Content starts
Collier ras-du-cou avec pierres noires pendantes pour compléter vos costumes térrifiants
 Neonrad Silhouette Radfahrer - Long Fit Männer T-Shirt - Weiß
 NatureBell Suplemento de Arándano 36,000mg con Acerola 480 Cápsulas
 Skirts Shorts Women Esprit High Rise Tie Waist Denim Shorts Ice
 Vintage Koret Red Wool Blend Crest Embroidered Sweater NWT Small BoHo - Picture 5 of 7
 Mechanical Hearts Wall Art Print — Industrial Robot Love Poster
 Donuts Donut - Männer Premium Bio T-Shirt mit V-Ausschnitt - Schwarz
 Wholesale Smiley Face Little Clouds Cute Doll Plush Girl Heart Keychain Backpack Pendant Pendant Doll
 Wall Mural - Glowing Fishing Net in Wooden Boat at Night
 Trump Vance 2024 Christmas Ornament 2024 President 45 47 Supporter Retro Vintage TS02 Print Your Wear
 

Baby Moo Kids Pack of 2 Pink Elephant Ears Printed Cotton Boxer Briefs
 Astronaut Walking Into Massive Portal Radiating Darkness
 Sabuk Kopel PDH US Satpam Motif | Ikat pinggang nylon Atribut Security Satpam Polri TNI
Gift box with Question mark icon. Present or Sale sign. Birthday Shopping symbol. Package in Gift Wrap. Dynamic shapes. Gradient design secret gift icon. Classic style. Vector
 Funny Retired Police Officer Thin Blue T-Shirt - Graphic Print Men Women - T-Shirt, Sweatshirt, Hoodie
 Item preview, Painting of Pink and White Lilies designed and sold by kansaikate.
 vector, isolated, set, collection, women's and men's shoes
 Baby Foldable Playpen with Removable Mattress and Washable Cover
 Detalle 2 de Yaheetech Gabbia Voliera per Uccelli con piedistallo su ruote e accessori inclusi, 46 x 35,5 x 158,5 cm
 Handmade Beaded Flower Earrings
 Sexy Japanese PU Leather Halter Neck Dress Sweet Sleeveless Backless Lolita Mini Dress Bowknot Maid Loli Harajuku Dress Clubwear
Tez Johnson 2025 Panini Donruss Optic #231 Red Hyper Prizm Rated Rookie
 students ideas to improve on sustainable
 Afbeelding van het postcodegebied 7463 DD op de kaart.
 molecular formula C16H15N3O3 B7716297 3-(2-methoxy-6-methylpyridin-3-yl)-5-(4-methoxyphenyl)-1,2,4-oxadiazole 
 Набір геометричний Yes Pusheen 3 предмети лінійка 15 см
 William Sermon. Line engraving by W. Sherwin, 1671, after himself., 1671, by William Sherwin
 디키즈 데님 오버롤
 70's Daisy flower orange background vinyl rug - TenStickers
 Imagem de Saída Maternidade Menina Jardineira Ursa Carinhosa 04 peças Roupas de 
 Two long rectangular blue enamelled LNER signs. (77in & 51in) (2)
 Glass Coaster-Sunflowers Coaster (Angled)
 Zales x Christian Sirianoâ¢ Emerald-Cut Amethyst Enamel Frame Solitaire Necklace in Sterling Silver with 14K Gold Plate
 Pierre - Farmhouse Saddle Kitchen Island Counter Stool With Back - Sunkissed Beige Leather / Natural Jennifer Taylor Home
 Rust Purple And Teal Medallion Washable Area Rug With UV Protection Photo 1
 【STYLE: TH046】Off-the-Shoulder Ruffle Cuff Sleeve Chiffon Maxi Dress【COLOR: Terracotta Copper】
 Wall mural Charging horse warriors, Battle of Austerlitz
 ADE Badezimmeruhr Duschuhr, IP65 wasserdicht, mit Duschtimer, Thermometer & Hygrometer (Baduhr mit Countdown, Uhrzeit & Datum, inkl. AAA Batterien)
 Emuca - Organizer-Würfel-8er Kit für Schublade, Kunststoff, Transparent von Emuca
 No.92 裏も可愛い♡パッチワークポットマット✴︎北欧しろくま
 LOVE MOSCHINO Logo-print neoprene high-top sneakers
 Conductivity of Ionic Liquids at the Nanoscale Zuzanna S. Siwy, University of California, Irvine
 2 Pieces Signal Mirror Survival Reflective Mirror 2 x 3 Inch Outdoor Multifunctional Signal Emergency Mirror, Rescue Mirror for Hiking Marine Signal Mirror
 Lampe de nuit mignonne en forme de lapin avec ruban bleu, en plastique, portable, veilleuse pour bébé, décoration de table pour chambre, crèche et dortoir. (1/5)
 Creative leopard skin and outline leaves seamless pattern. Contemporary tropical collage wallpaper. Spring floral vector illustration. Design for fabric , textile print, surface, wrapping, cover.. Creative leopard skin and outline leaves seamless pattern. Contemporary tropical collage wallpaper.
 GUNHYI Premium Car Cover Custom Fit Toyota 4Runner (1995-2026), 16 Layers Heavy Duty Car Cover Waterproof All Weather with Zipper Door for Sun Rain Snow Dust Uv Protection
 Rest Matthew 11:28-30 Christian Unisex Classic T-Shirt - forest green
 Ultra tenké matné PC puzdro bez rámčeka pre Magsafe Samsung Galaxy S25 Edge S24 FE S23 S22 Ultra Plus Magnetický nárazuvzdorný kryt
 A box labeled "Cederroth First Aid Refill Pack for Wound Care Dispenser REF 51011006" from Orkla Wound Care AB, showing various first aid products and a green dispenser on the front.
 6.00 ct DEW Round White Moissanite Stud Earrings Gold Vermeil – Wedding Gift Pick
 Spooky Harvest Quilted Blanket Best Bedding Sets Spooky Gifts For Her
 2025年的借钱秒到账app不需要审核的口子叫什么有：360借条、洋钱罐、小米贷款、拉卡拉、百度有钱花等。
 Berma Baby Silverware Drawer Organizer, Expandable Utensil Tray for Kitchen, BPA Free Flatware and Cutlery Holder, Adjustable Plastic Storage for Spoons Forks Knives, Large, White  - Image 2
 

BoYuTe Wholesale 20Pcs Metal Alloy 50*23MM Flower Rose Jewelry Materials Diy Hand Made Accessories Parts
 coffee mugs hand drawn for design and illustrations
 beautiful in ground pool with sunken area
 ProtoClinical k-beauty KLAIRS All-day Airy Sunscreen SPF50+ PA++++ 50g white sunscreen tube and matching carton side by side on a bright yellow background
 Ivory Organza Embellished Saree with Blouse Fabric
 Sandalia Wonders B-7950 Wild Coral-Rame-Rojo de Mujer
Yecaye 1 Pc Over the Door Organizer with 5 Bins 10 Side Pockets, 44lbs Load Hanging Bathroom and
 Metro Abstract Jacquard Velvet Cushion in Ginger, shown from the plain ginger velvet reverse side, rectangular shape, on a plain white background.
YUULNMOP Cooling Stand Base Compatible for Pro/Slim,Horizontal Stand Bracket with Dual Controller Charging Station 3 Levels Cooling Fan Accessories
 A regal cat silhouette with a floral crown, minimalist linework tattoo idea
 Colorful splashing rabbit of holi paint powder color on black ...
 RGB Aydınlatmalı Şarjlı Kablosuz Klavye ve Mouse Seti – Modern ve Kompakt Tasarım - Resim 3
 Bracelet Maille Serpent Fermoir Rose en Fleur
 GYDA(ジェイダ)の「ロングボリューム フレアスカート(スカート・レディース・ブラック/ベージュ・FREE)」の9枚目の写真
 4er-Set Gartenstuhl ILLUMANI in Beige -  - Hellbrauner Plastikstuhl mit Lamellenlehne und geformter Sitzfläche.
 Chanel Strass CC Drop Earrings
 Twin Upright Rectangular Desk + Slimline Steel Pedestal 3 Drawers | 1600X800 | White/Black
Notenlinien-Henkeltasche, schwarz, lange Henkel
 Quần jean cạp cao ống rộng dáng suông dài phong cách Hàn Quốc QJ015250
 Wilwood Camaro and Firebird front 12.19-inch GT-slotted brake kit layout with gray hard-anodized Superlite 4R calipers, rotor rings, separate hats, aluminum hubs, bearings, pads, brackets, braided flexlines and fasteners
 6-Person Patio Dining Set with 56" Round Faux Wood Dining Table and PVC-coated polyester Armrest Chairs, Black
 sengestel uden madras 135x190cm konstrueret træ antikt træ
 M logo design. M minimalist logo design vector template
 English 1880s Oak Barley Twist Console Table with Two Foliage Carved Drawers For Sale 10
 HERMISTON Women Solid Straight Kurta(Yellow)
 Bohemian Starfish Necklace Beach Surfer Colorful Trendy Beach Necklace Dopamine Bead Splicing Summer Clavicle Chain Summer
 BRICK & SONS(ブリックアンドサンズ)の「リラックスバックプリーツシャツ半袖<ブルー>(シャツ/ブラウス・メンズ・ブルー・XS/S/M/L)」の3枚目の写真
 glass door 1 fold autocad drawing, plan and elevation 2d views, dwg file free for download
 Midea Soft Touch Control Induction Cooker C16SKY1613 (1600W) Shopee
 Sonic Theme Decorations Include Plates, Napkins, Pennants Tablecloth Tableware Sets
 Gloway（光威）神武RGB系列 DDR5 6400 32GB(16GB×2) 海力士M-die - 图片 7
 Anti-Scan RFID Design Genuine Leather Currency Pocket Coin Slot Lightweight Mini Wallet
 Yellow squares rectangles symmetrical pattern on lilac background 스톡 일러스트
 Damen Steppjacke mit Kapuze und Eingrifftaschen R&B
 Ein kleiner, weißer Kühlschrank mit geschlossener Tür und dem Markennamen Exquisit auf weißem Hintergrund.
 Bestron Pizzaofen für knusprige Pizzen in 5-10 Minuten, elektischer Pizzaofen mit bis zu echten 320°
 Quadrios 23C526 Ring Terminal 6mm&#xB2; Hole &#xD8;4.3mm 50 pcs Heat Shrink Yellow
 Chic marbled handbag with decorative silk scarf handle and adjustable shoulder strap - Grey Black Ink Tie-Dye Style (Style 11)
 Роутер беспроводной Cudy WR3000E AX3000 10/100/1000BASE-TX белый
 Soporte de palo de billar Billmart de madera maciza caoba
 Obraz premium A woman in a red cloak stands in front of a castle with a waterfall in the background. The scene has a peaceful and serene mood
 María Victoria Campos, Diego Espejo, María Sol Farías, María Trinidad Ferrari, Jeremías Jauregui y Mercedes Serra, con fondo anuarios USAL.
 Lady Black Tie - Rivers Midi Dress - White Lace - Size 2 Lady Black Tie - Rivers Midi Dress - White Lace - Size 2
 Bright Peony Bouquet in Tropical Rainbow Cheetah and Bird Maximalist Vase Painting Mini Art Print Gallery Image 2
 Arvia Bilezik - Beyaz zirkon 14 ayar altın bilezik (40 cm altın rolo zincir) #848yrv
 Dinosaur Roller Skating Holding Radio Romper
Content ends
▸ Work required
Repeat, exactly as they stand above, the lines from the line with "Sabuk Kopel PDH" to the line with "Gift box with", both lines included.

▸ Solved problem
 Sabuk Kopel PDH US Satpam Motif | Ikat pinggang nylon Atribut Security Satpam Polri TNI
Gift box with Question mark icon. Present or Sale sign. Birthday Shopping symbol. Package in Gift Wrap. Dynamic shapes. Gradient design secret gift icon. Classic style. Vector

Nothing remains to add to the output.